The week was very similar to last week – stocks moved steadily lower as cautious investors refused to make any big bets on the market before the election. 

This decline in the market has been historic, too.  The loss on Friday marked a nine-day losing streak for the S&P 500.  The last time the S&P was lower for nine straight days was in 1980.  Of course, the magnitude of this decline has been nowhere near the losses of 1980.  This decline has seen a modest loss of 2.9% compared to a large drop in 1980, so a little perspective is important. 

As for the events of the week, we had many economic reports and still a lot of corporate earnings coming in. 

Starting with earnings, Factset reports roughly 400 companies in the S&P 500 have reported results, with earnings on pace to rise 2.6%.  This is much better than the negative quarter analysts expected and could mark the end to the earnings recession we have seen over the last six quarters. 

Economic data was heavy due to the end of the month and results were generally good, but not great.  Both the service and manufacturing sectors showed expansion, though were both less than expected.  Personal spending was better than expected while personal income was worse than expected.  Productivity was a bright spot, rising for the first quarter in a year. 

The employment report for October was somewhat weak, adding 161,000 jobs.  This number is closely watched since it is one of the Fed’s main focuses.  The result was not too hot or cold, so it likely had little impact on the Fed’s economic policy. 

The Fed did hold a policy meeting this week, too.  No changes to their policy were expected and none were announced.  However, it is looking more likely that they will change their stimulative policy in December and raise interest rates. 

We’ve seen the Fed talk tough about raising rates before, only to find many excuses not to.  A lot will transpire between now and December, so there are many possibilities to keep them from raising rates.

Finally, this weekend we have the Blue Angels performing here in Jacksonville.  Thursday and Friday were their practice days and they flew right outside out office.  Below is a couple pictures – our favorite is the last picture.  In it you can see the plane above a tree with two Bald Eagles in the lower part of the picture.  You can’t get much more America than that! 



Next Week

Next week looks very quiet for economic data and the pace of corporate earnings will slow.  Of course, the election will dominate the news and will have the most impact on the market. 


Investment Strategy

Again, no change here.  Stocks have sold off recently, but it is difficult to really tell what the market will do until after the election.  Stocks look to be on the cheap side in the short term (a week to a few weeks) and could be poised for a rebound, but we’ll have to wait and see. 

From a longer term perspective, everything looks expensive.  Central bank policies have driven asset classes higher, which leaves few places to hide if the market were to turn.  We worry this is an asset bubble that will end badly – but knowing when that day of reckoning is remains anyone’s guess. 

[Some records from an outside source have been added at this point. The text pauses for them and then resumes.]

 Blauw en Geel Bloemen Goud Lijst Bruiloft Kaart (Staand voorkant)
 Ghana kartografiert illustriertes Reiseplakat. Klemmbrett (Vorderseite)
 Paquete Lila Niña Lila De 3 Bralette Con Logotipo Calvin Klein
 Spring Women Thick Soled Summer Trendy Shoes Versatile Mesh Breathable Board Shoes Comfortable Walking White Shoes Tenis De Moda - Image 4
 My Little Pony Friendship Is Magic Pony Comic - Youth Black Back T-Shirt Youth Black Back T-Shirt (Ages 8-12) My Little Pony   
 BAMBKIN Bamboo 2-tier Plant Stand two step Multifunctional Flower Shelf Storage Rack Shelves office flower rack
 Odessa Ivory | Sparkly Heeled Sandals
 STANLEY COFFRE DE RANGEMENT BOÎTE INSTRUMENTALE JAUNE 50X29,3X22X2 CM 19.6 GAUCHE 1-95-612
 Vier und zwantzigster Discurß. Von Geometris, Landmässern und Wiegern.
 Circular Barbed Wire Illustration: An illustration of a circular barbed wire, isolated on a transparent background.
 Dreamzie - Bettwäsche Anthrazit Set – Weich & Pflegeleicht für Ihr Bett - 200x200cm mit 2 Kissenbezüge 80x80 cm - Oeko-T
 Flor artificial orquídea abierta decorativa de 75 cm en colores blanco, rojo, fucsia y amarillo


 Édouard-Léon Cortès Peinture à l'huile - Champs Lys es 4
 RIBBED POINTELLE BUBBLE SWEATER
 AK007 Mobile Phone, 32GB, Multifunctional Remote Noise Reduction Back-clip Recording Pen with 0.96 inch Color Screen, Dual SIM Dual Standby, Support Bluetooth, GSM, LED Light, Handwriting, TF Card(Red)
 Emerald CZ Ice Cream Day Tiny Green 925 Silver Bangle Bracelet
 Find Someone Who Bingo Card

Bond yields fell this week (so prices ticked higher), but remain at the top of the range of the uptrend that started in July.  We don’t expect a significant change here as we think prices will remain relatively high and yields low as demand from investors will keep prices elevated, even with higher rates from the Fed.     

Bonds to protect against inflation, or TIPs, remain a good long term hedge for inflation.  Floating-rate bonds will do well if interest rates eventually do rise. 

Some municipal bonds look attractive for the right client, too.  We like buying individual, insured names for these bonds, avoiding muni index bonds if possible.  We keep a longer term focus with these investments. 

Gold is another good hedge for the portfolio.  It is only a hedge at this point – rising on geopolitical issues as a flight to safety. 

Finally, in international stocks, we see weakness around the globe and favor neither the developed or emerging markets.

Please note, these day-to-day and week-to-week fluctuations have little impact on positions we intend to hold for several years or longer.  Our short and medium term investments are the only positions affected by these daily and weekly fluctuations. 


This commentary is for informational purposes and is not investment advice, an indicator of future performance, a solicitation, an offer to buy or sell, or a recommendation for any security. It should not be used as a primary basis for making investment decisions. Consider your own financial circumstances and goals carefully before investing. Past performance cannot guarantee results.